§ **Instructions to follow**
Your copy of the entries must be exact, and it must not include the pictures.

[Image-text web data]
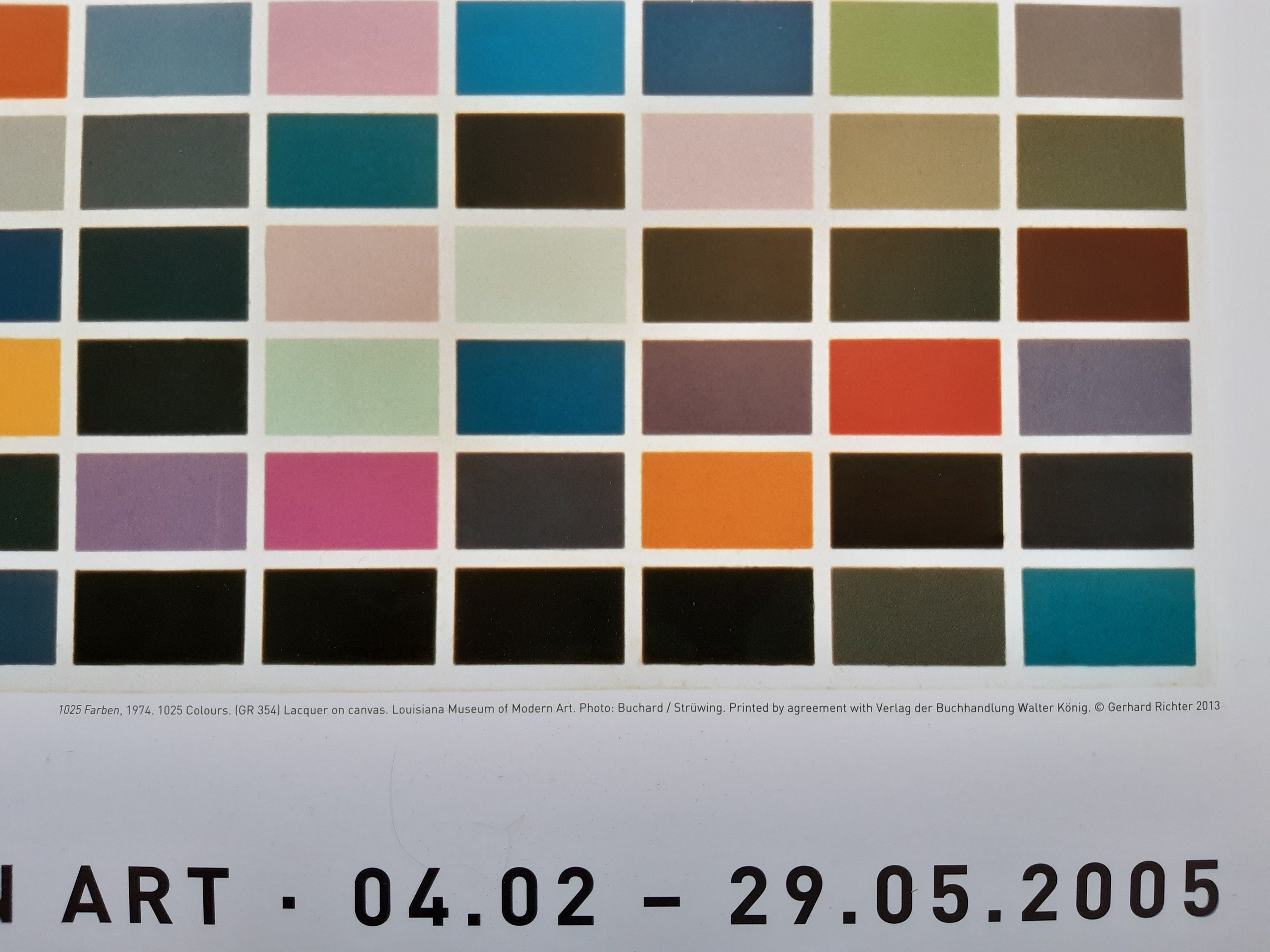 Gerhard Richter Kunstposter – 117 × 122 cm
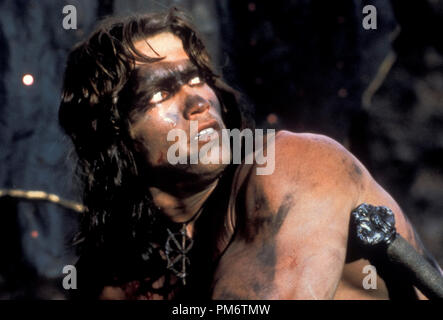 Film Still from 'Conan the Barbarian'  Arnold Schwarzenegger © 1981 Universal Pictures Stock Photo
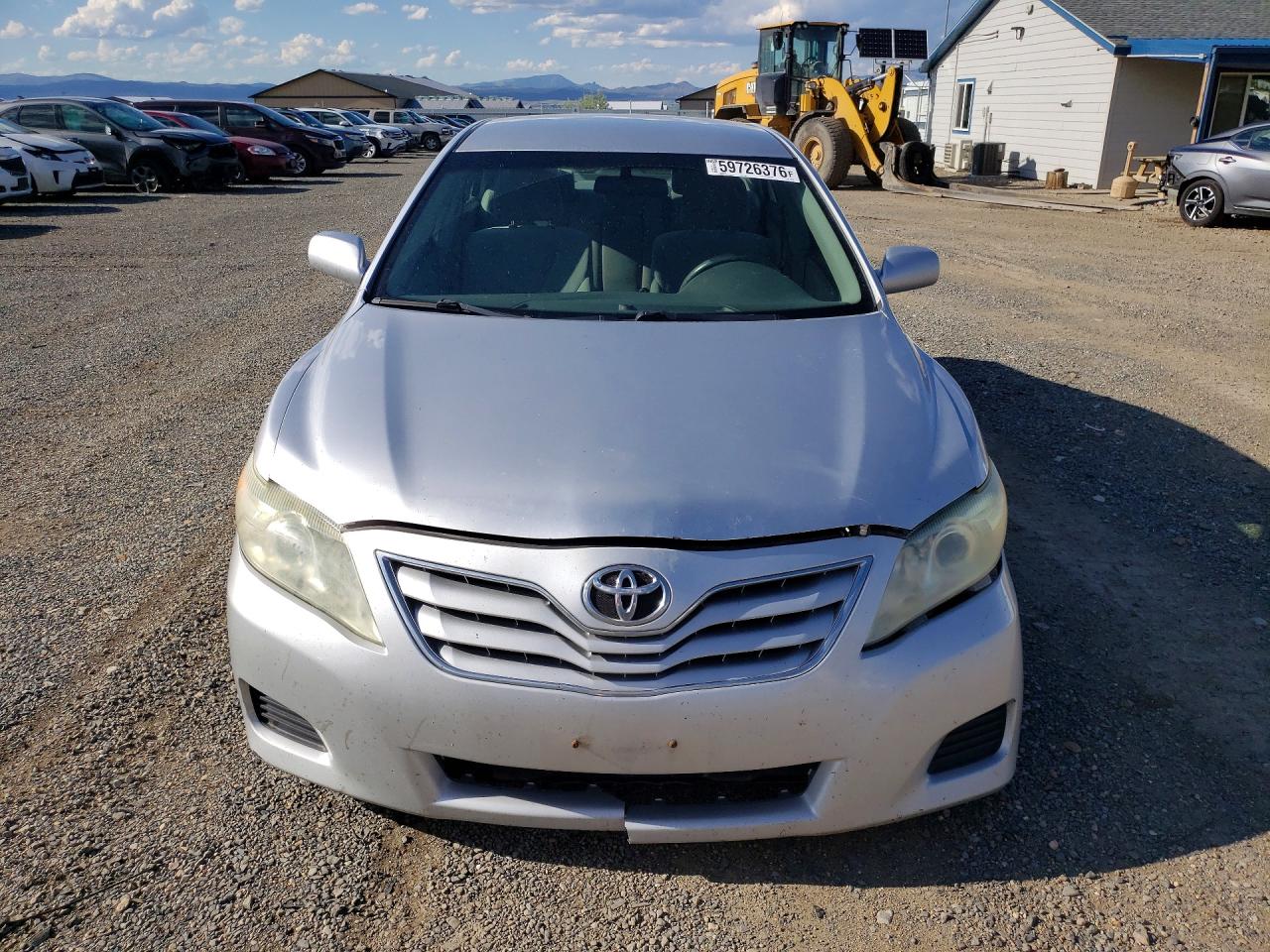 2011 Toyota Camry Le Silver vin: 4T1BF3EK4BU176009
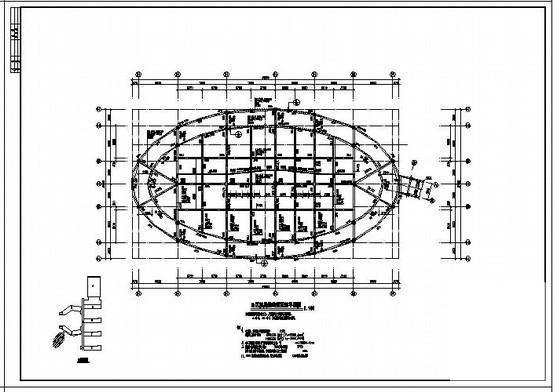 两层小学教学楼结构设计CAD施工图纸（桩基础）(板配筋) - 3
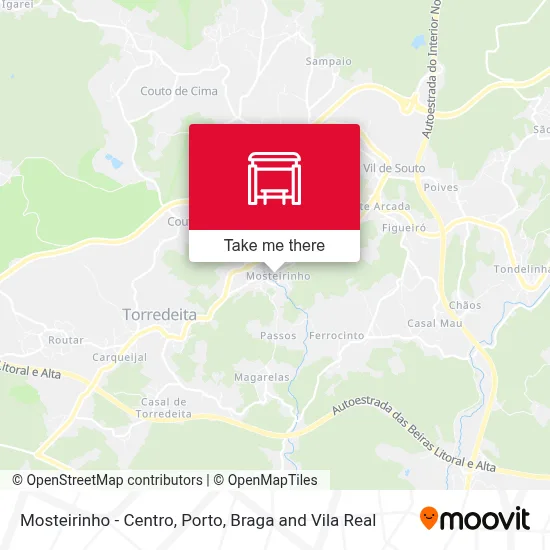 Mosteirinho - Centro map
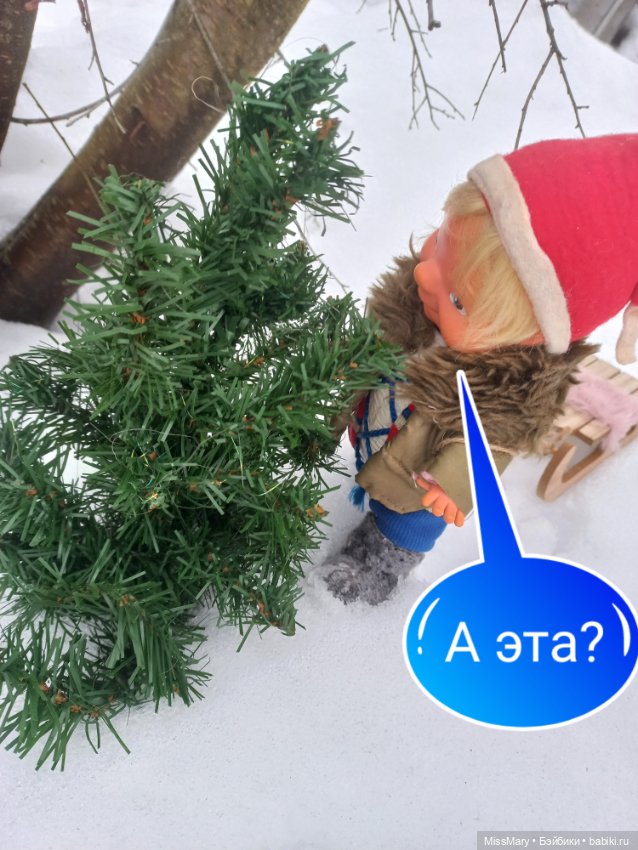 Весёлые картинки. "На саночках за ёлочкой" (фото 8)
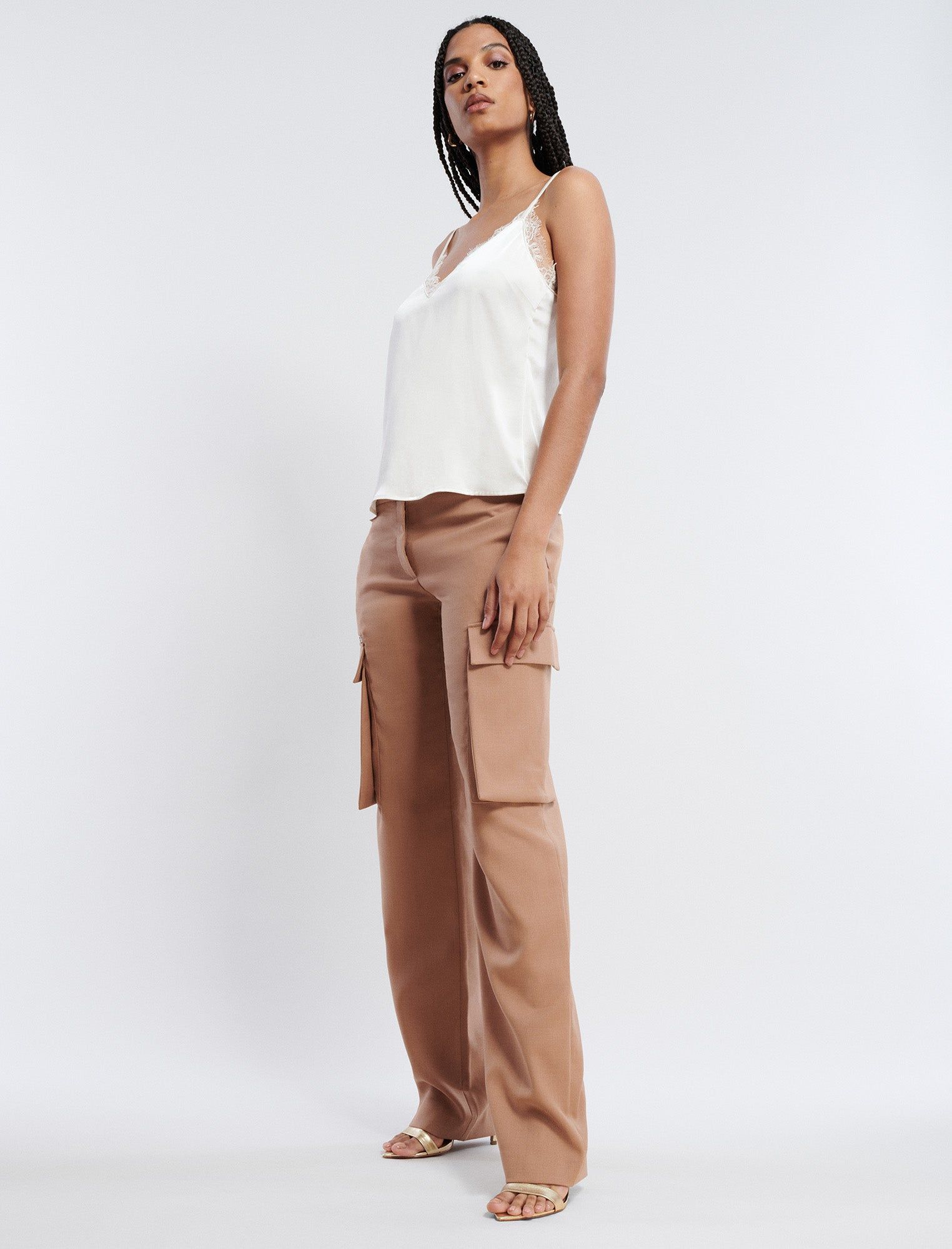 Wide-Leg Zip Cargo Pant sold by BCBGMaxAzria product image thumbnail 3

§ **Task result**
 Gerhard Richter Kunstposter – 117 × 122 cm
 Film Still from 'Conan the Barbarian'  Arnold Schwarzenegger © 1981 Universal Pictures Stock Photo
 2011 Toyota Camry Le Silver vin: 4T1BF3EK4BU176009
 两层小学教学楼结构设计CAD施工图纸（桩基础）(板配筋) - 3
 Mosteirinho - Centro map
 Весёлые картинки. "На саночках за ёлочкой" (фото 8)
 Wide-Leg Zip Cargo Pant sold by BCBGMaxAzria product image thumbnail 3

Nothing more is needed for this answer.